今月の(CIR)のグルメガイドは、マルケ州ペーザロ・ウルビーノ県の海辺の町、ファーノfanoです。
ファーノ↓
国際的でゴージャスなビーチリゾートが多いイタリアでは、マルケの沿岸はとても庶民的な親しみやすい雰囲気。
そして港町の例にもれず、ファーノの名物はブロデットこと、ズッパ・ディ・ペッシェです。
現在のファーノ風ブロデットには、伝統的なリチェッタと、海岸通りの若手が作るモダンなバージョンの2タイプがあるようです。下の動画は伝統的なリチェッタ。
ズッパ・ディ・ペッシェは、漁師が売れ残ったり、小さすぎて売り物にならない魚を大鍋で煮たシンプルで質素な料理ですが、高級魚やハーブが加わってグルメな料理になりました。イタリア沿岸部ならどこでも作られています。
北東部ではウナギが入り、リグーリアではバッカラ、中央イタリアではタコやイカ、南部では一種類の魚のズッパが多い。
さらに、アドリア海沿岸ではブロデットbrodetto、南部ではズッパzuppa、トスカーナのリボルノとその北のではカッチュッコcacciucco、リグーリアではブリッダbriddaやチュッピンciuppinと呼ぶ。
ブロデット・ファネーゼのリチェッタの日本語訳は(CIR4月号)P.29にあります。

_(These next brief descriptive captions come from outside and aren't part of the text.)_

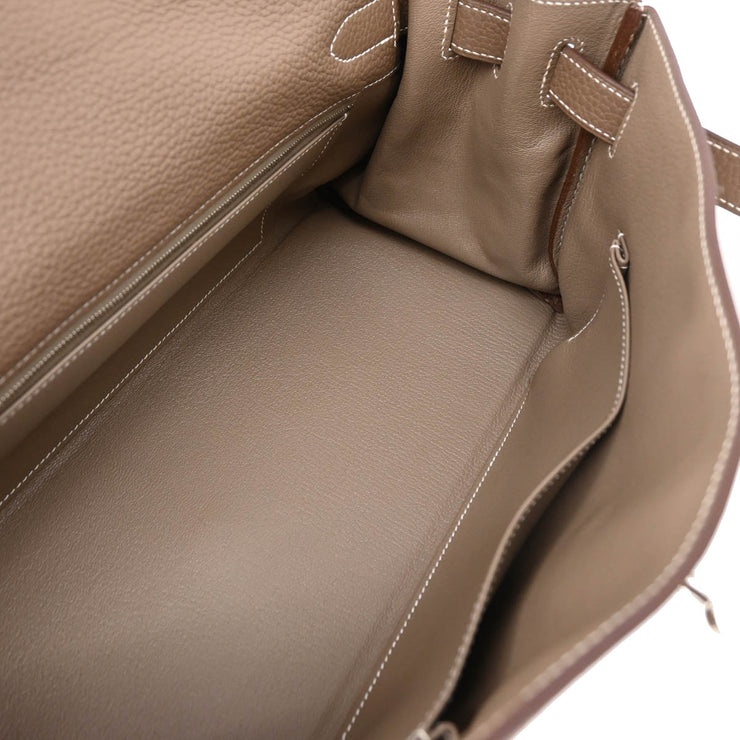 Hermes 2009 Etoupe Gray Taurillon Clemence Shoulder Kelly Handbag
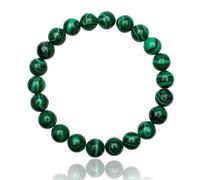 Unique Gems Bracciale di perle Malachite Ø 8mm pietra naturale per l'uomo Braccialetto a palline elastico 19cm a 21cm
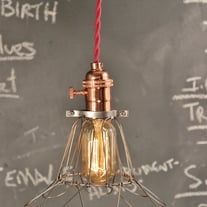Vintage Industrial Copper Cage Pendant Lamp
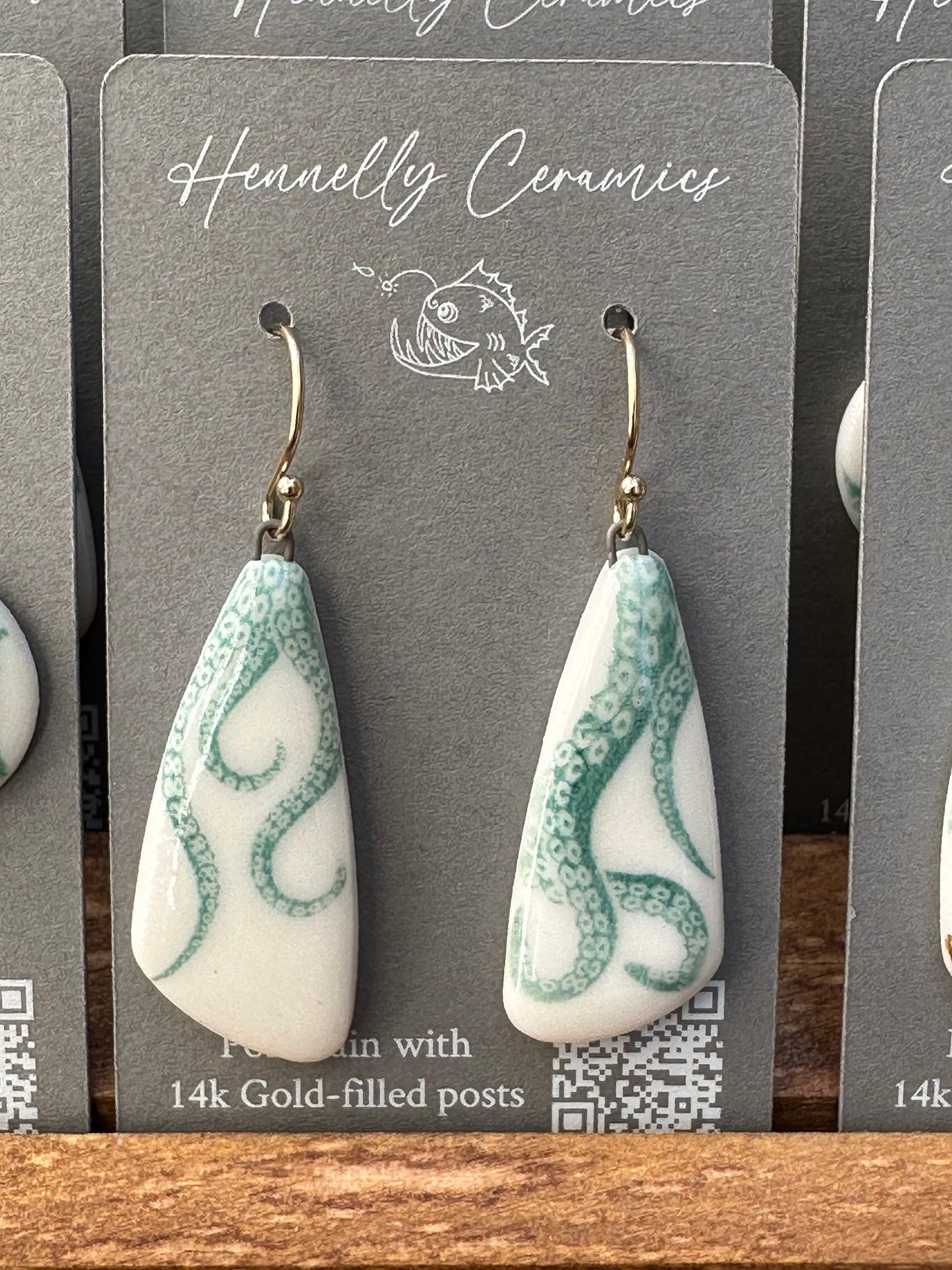 Porcelain Earrings: octopus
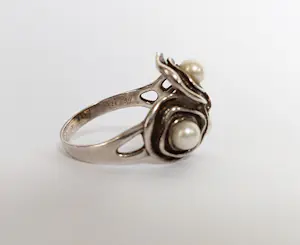 Brutalist Modernist ring echte parels zilver 925 maat 22 MCM kopen? Bied vanaf 65!
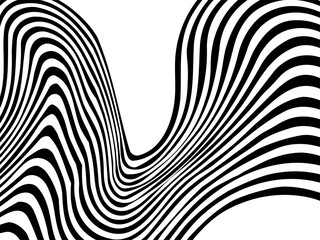Abstract background with black and white striped, futuristic waves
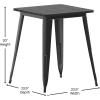 Flash Furniture Declan Commercial Outdoor Dining Table, All Weather Poly Resin Top with Steel Base, 23.75″ Square, Brown/Silver(Black Top/Black Frame)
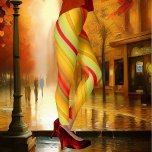 Leggings Motifs du concepteur à rayures multicolor<br><div class="desc">Leggings avec un motif à rayures festives dans rouge chaud,  orange,  vert et jaune.</div>
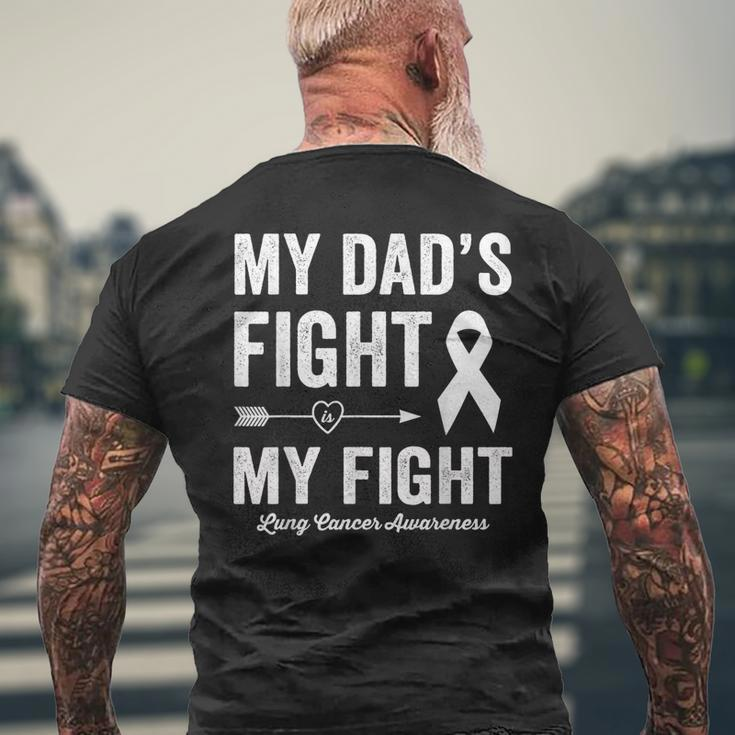 Lung Cancer Awareness Dad My Dads Fight Is My Fight Men's Back Print T-shirt Gifts for Old Men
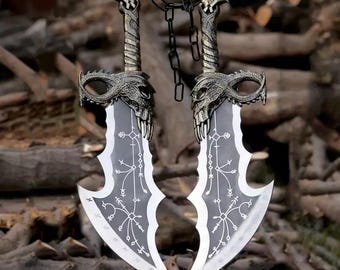 Handmade God of War Blades of Chaos Replica, Handmade Metal Twin Blades GOW Inspired Collectible Sword Perfect Display, Cosplay Gift for Him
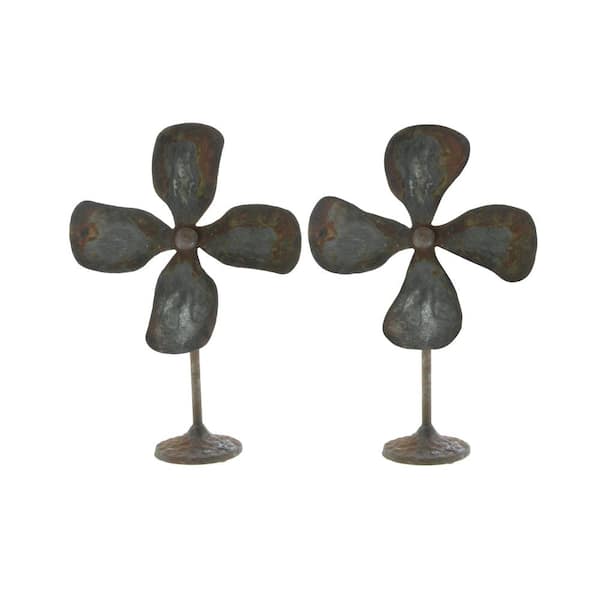 Litton Lane Gray Metal Industrial Sculpture (Set of 2)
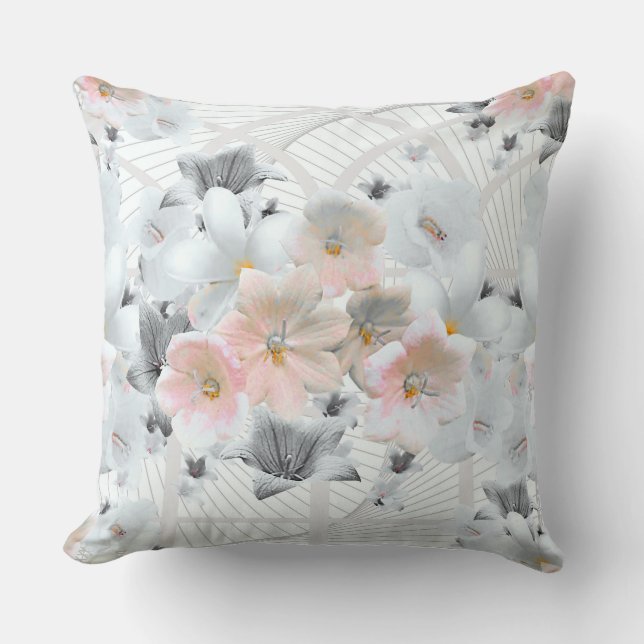 Floral Art Print Throw Pillow (Front)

ファーノの漁船で生まれた飲み物、モレッタmoretta。一説によると、寒い冬に漁師が体を温めるために飲んだアルコール入り(アニス、ラム種、ブランデー、コニャック)コーヒーがルーツとか。冬だけでなく、夏にビーチにやってくる観光客にも人気だそうです。
ファーノのモレッタ。
ところで、ズッパというのは語源がドイツ語だそうです。
その意味は、スライスして濡らしたパンだとか。
zuppa はロンバルド語のsupfaやフランス語のsopeとなりましたが、汁に浸したパンがつきものなんだそうです。煮汁にパンを浸すという文化がなかった私たちのズッパは、一説にはボリュームたっぷりのラーメンへと進化したそうです。ラーメンは汁ものの中では異色のボリューミーな料理。明らかに、外国のスープとは別の進化を遂げました。